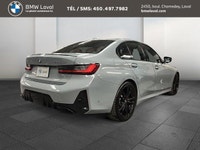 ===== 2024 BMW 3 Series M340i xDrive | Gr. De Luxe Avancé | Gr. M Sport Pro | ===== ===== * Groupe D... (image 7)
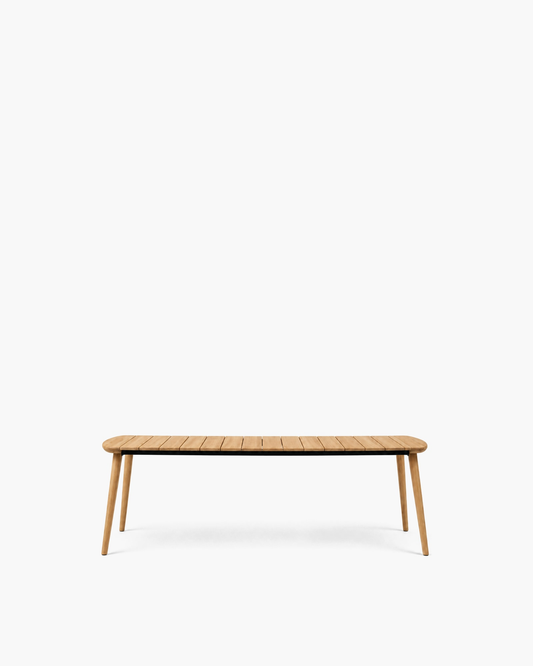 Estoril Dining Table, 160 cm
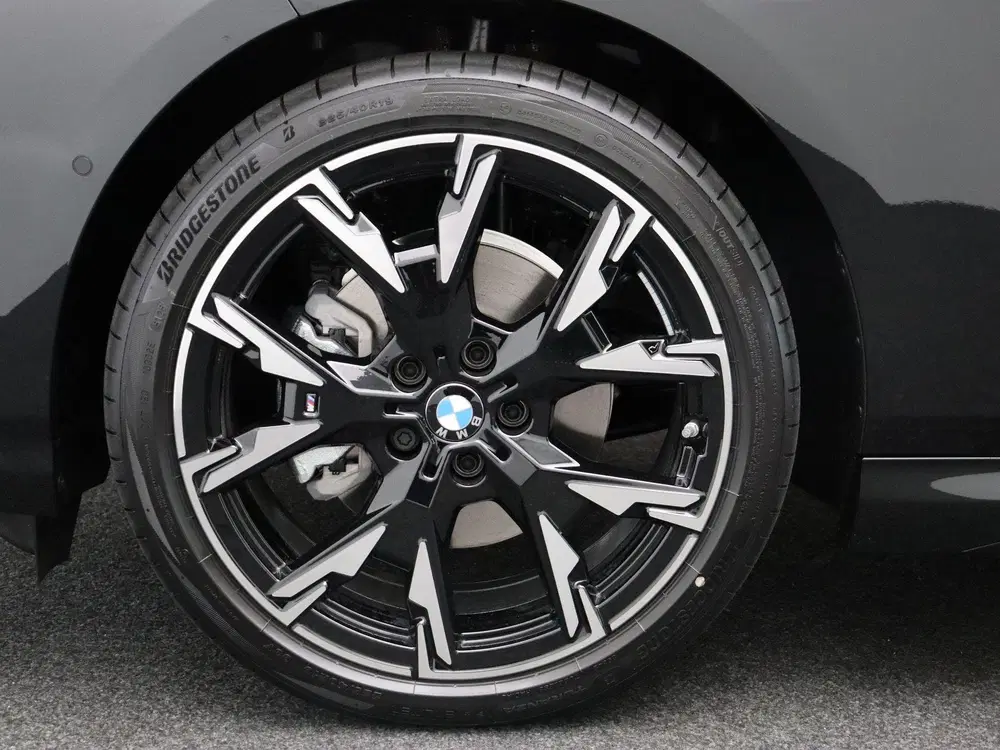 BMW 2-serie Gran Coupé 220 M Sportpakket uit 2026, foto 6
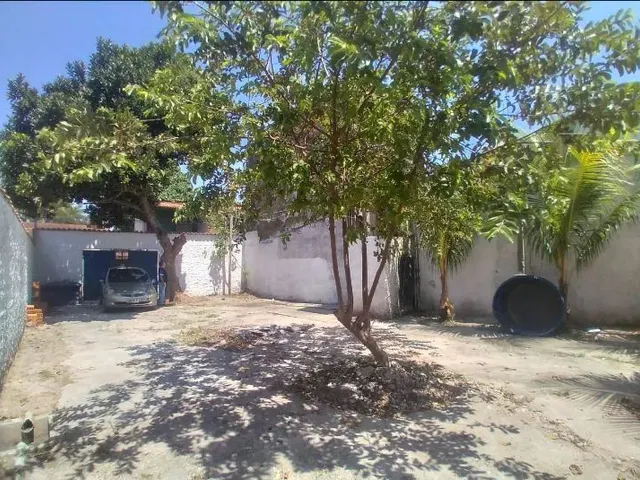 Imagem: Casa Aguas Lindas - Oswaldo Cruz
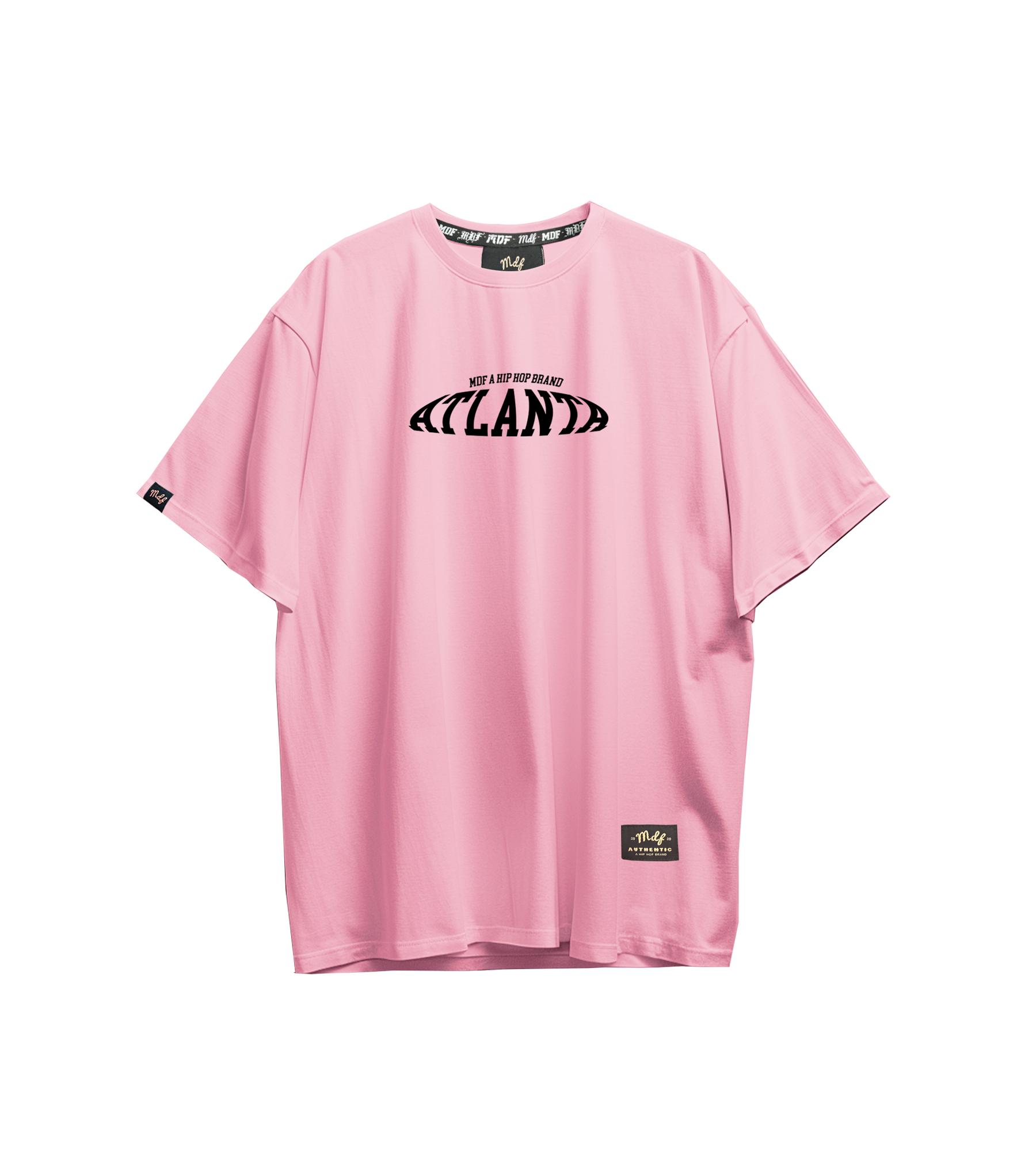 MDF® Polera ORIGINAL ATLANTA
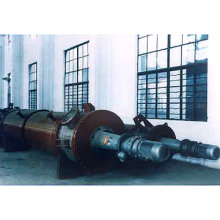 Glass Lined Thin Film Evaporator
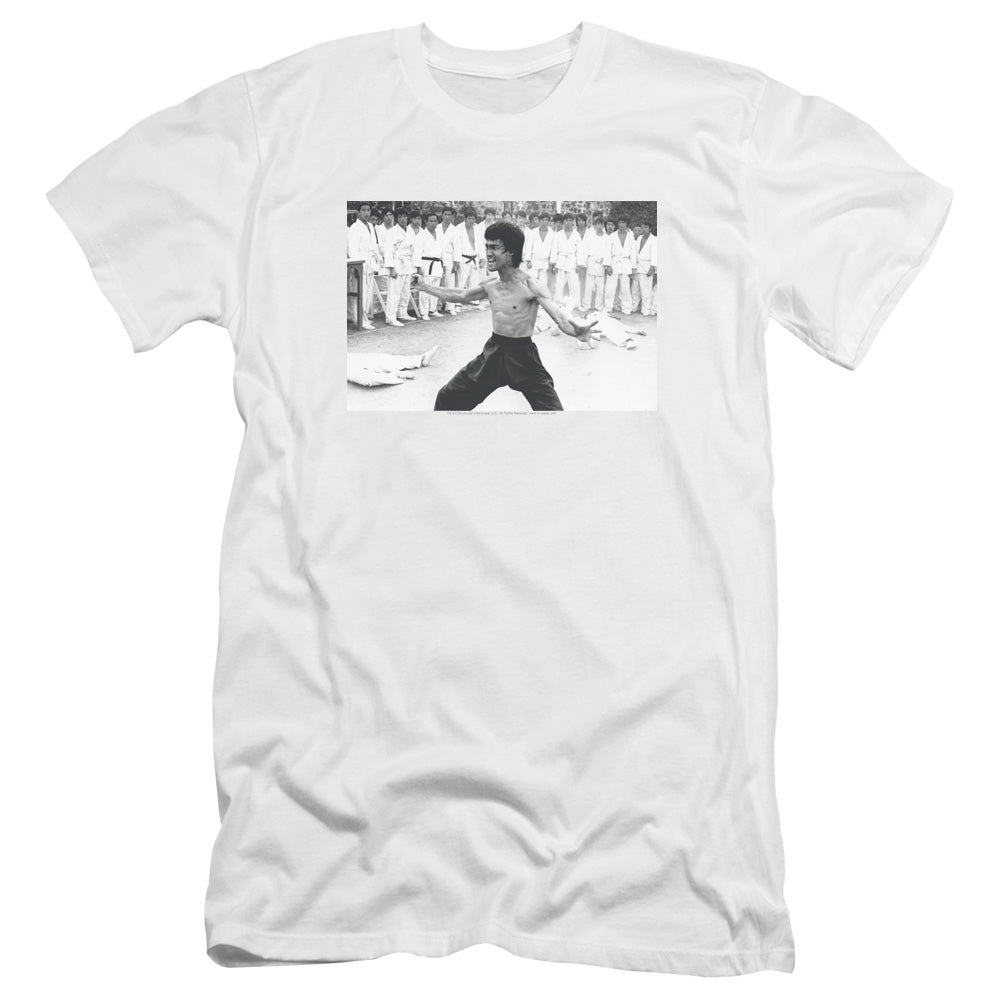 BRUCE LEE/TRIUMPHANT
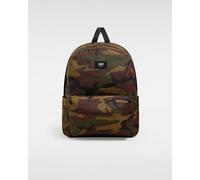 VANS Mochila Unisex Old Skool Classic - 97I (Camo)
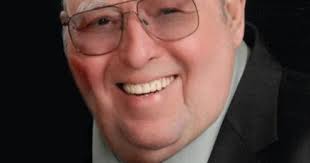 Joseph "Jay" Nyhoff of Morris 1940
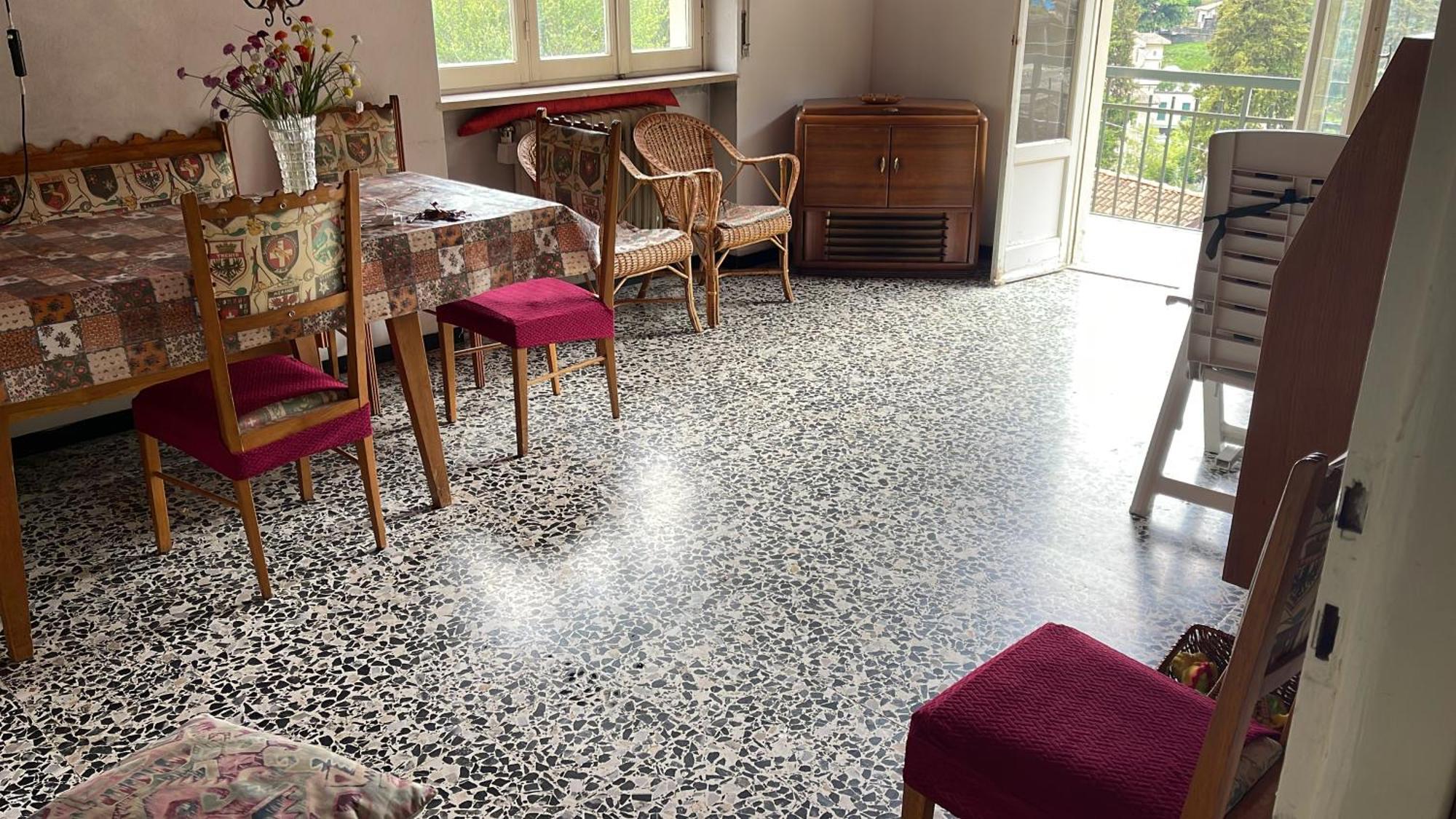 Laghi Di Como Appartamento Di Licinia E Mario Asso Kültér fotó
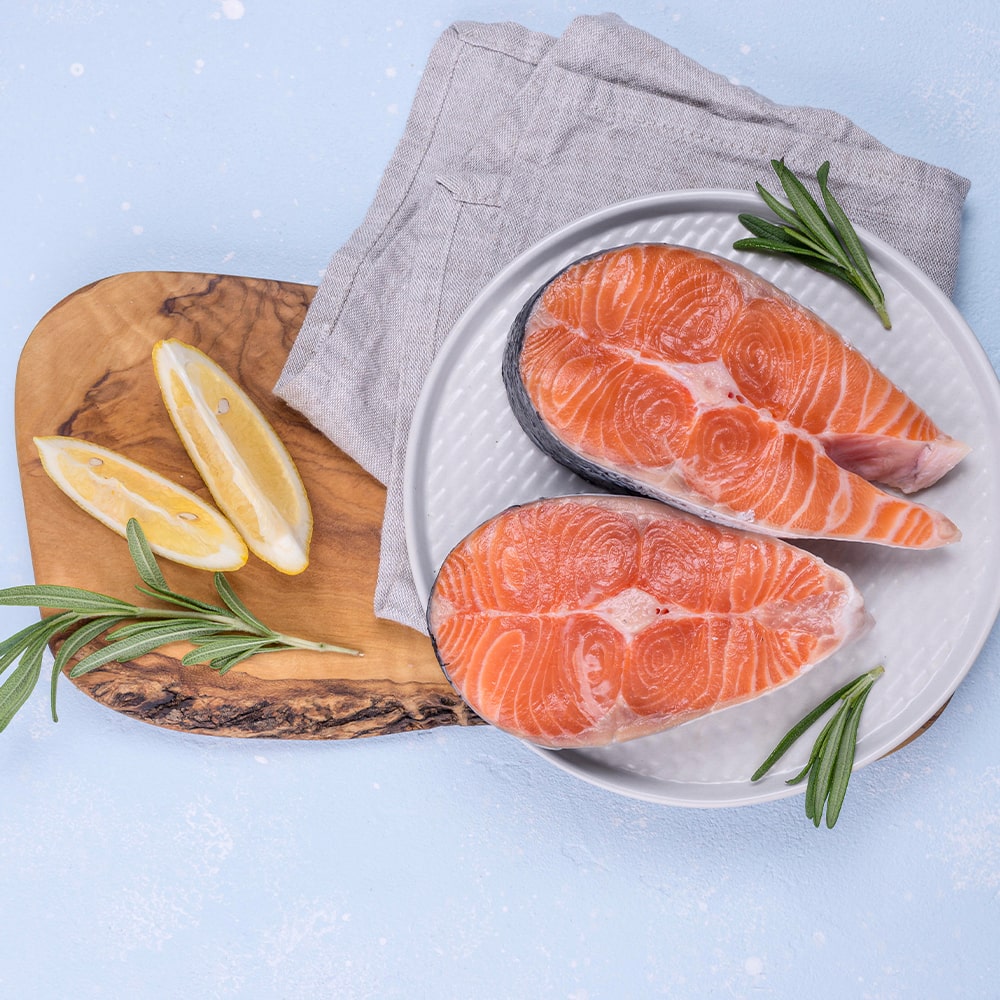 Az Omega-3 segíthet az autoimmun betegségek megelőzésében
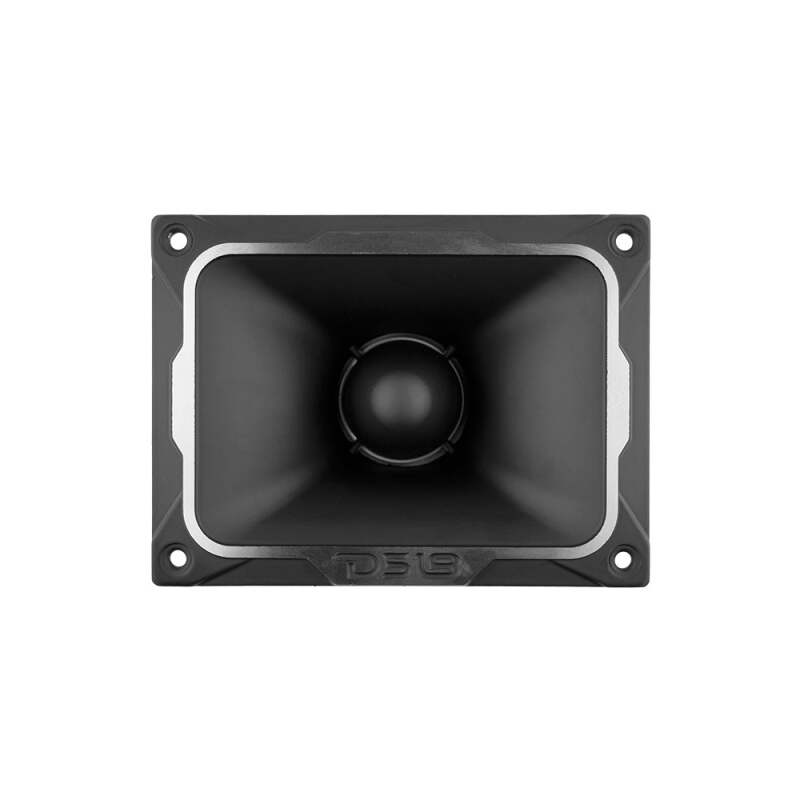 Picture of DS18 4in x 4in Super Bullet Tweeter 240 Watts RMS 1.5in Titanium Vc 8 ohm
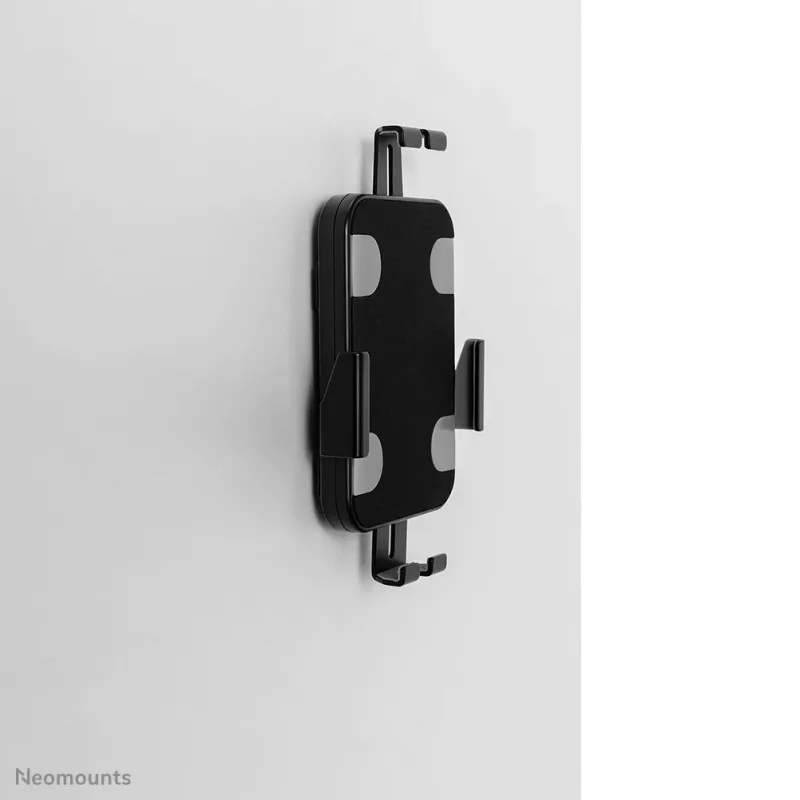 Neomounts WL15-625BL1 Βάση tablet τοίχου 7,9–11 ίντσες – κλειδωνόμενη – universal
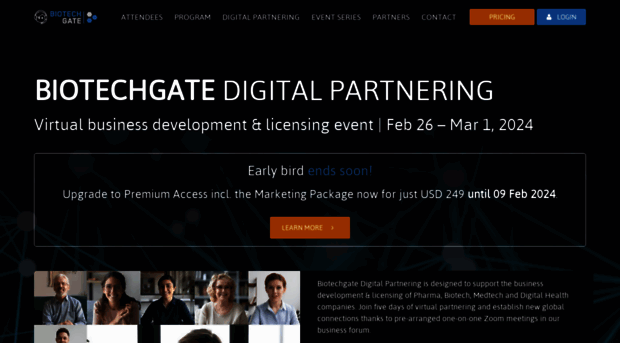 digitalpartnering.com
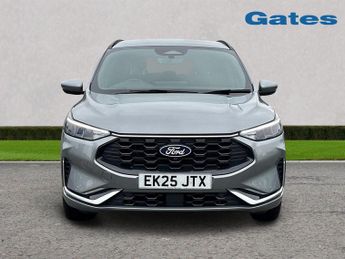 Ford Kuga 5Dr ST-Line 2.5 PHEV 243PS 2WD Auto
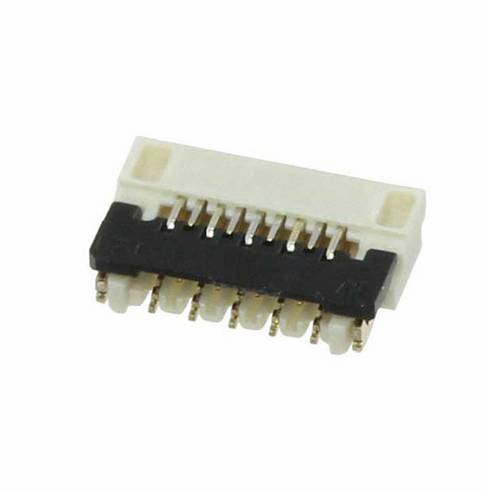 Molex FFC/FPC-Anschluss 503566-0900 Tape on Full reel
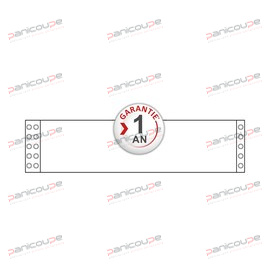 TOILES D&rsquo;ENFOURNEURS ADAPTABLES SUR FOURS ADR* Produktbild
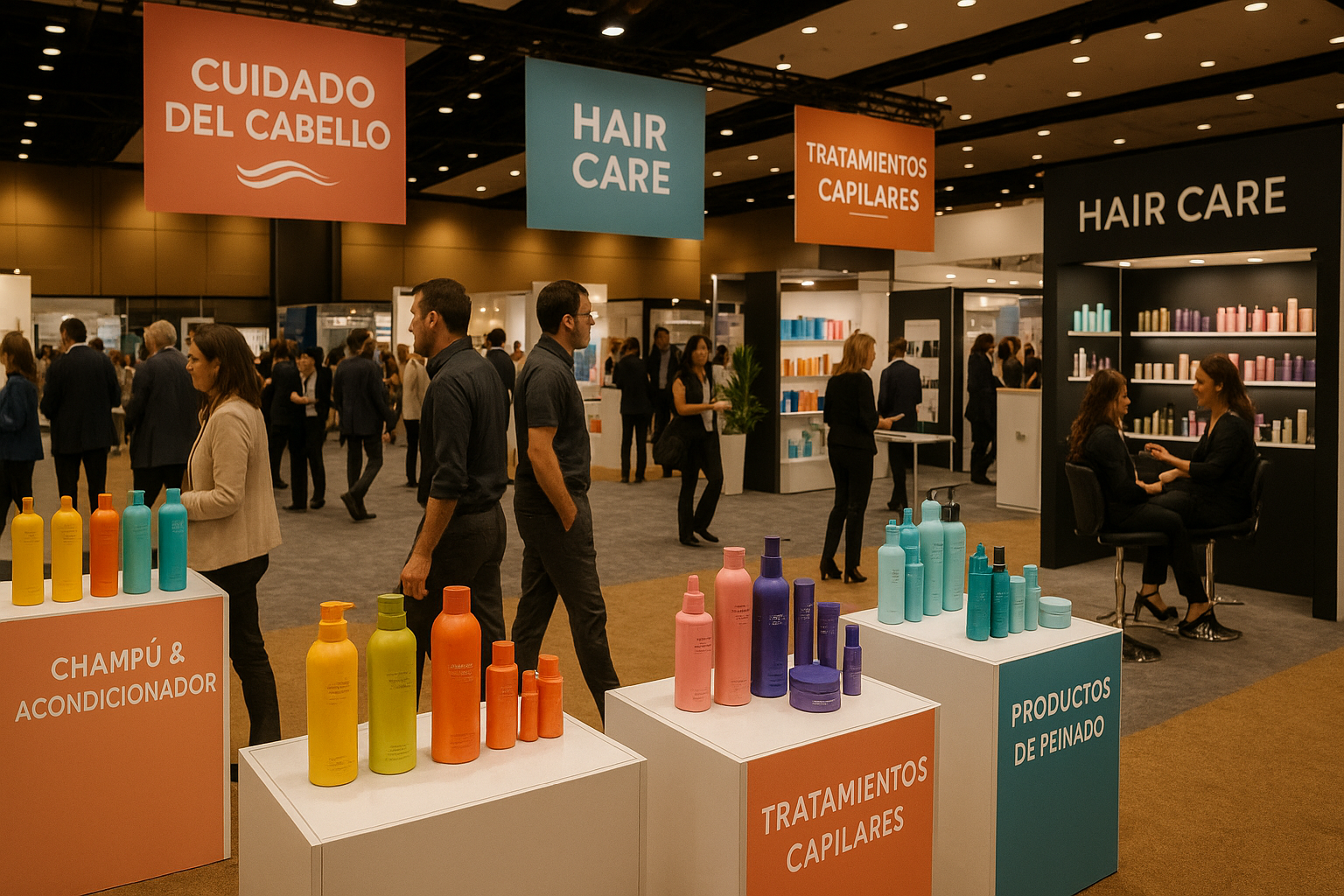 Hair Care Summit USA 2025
__________
** What you will do **
Except for pictures, copy the records above exactly.

** Output **
 ===== 2024 BMW 3 Series M340i xDrive | Gr. De Luxe Avancé | Gr. M Sport Pro | ===== ===== * Groupe D... (image 7)
 Estoril Dining Table, 160 cm
 BMW 2-serie Gran Coupé 220 M Sportpakket uit 2026, foto 6
 Imagem: Casa Aguas Lindas - Oswaldo Cruz
 MDF® Polera ORIGINAL ATLANTA
 Glass Lined Thin Film Evaporator
 BRUCE LEE/TRIUMPHANT
 VANS Mochila Unisex Old Skool Classic - 97I (Camo)
 Joseph "Jay" Nyhoff of Morris 1940
 Laghi Di Como Appartamento Di Licinia E Mario Asso Kültér fotó
 Az Omega-3 segíthet az autoimmun betegségek megelőzésében
 Picture of DS18 4in x 4in Super Bullet Tweeter 240 Watts RMS 1.5in Titanium Vc 8 ohm
 Neomounts WL15-625BL1 Βάση tablet τοίχου 7,9–11 ίντσες – κλειδωνόμενη – universal
 digitalpartnering.com
 Ford Kuga 5Dr ST-Line 2.5 PHEV 243PS 2WD Auto
 Molex FFC/FPC-Anschluss 503566-0900 Tape on Full reel
 TOILES D&rsquo;ENFOURNEURS ADAPTABLES SUR FOURS ADR* Produktbild
 Hair Care Summit USA 2025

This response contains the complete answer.